O senhor caminhou em nossa direção, nos olhou um a um sem demonstrar nenhuma emoção.
- Sou o Capitão-de-Mar-e-Guerra Cortez. O capitão da embarcação queira me acompanhar com os documentos de seus tripulantes? – Respondeu o homem, dando as costas e seguindo para o corredor.
Meu irmão se levantou, pegou as identidades de cada um de nós e seguiu para onde o homem havia se dirigido.

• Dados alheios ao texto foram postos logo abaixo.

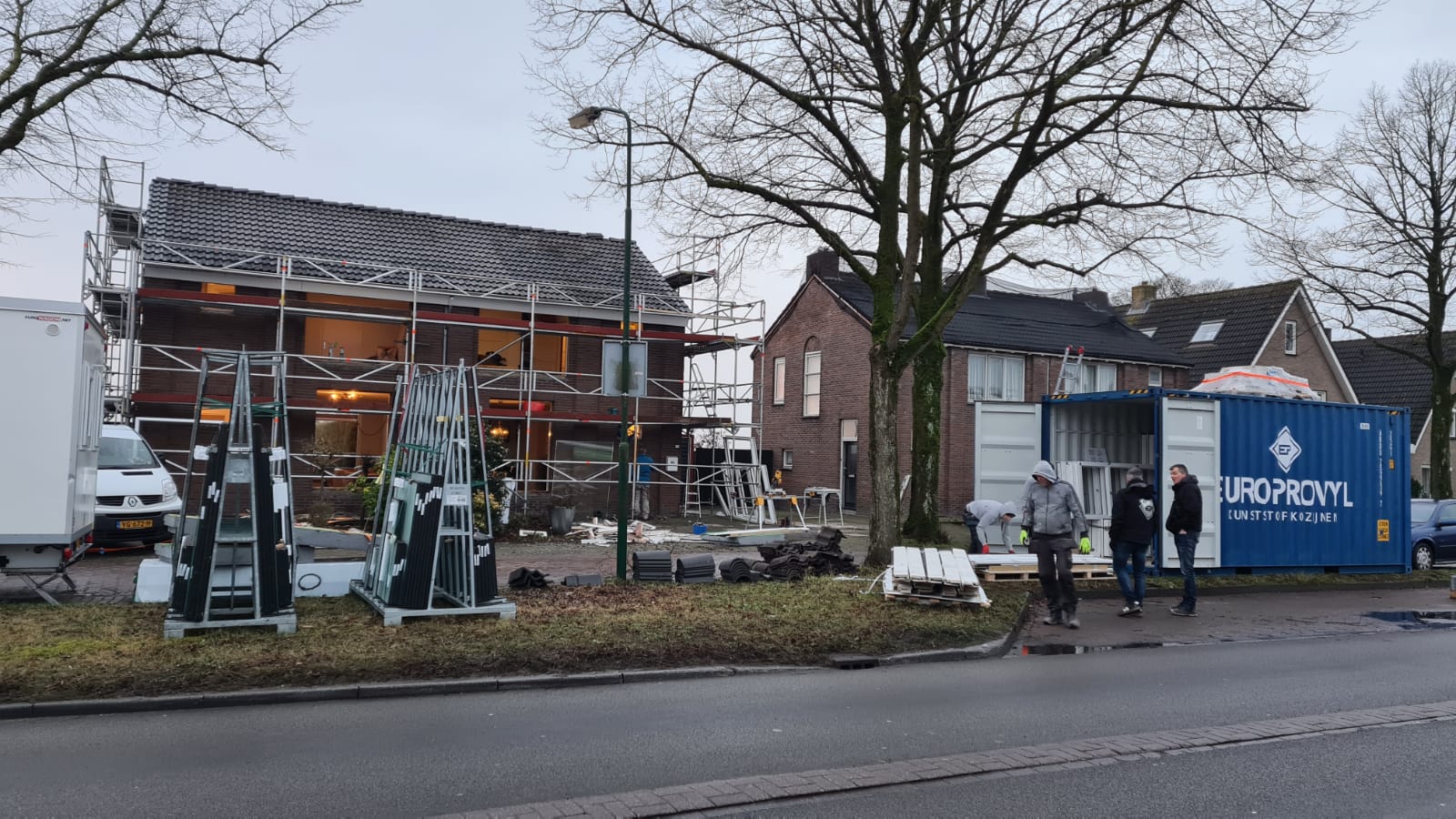 Elst (Utrecht) – Renovatie 16 woningen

O corredor não era muito longo, havia quatro portas, e em cada porta um marinheiro com um fuzil de prontidão ao lado de cada. Na porta nomes e símbolos militares. O capitão seguiu até a última porta, onde o marinheiro bateu continência, onde, aparentemente, foi ignorado. A sala era espaçosa, com troféus, fotos de grandes embarcações, e até mesmo uma espada emoldurada. A mesa aparentava ser antiga, com uma madeira muito bem alisada e preparada.
- Sente-se capitão...?
- Juan, senhor. – Ele se sentou numa cadeira extremamente confortável, onde seu estofado possuía penas para torná-la mais relaxante.

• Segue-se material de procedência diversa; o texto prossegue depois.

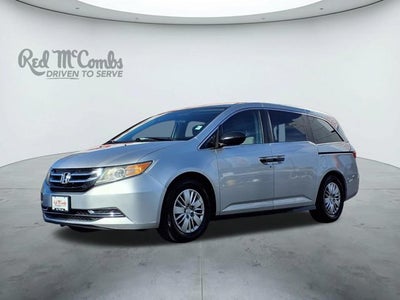2014 Honda Odyssey LX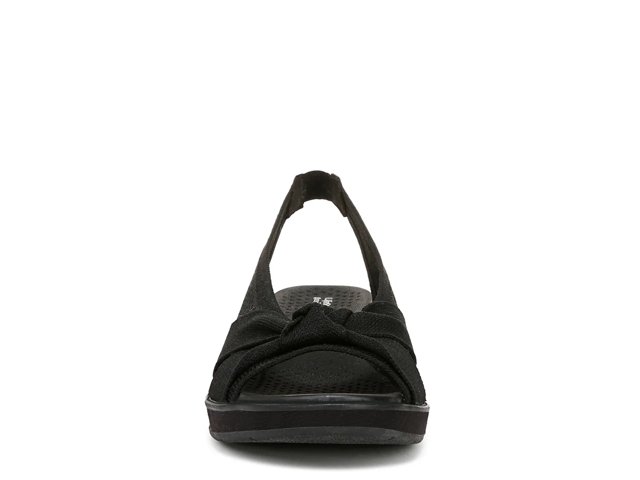 Bell Wedge Sandal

- Me chame de capitão apenas, não precisa me tratar como militar. – Cortez sorriu.
- É o nervosismo, sinto muito capitão.
- Eu entendo. Agora vamos ao que interessa, o que faz neste nosso humilde porto?
- Bem, como minha única família viva são meus tripulantes, resolvi conhecer o país onde meus pais nasceram.
- Posso saber aonde eles nasceram? – O capitão perguntou enquanto estendia a mão para olhar os documentos da tripulação.
- El Granado, capitão. Viviam de pesca.
- Cidade pequena, tranqüila. Pessoalmente, gosto de passar feriados observando o sol nascer.
- Gostaria de ter uma opinião a respeito, mas não a conheço.
- Você e seu irmão irão conhecer. Sua descendência lhes da direito a um passe livre em nosso país. Infelizmente, seus tripulantes são puramente brasileiros. Não poderão sair desta cidade sem uma autorização de nosso governo.
- Mas eles não têm para onde ir, nosso pesqueiro é onde todos moramos.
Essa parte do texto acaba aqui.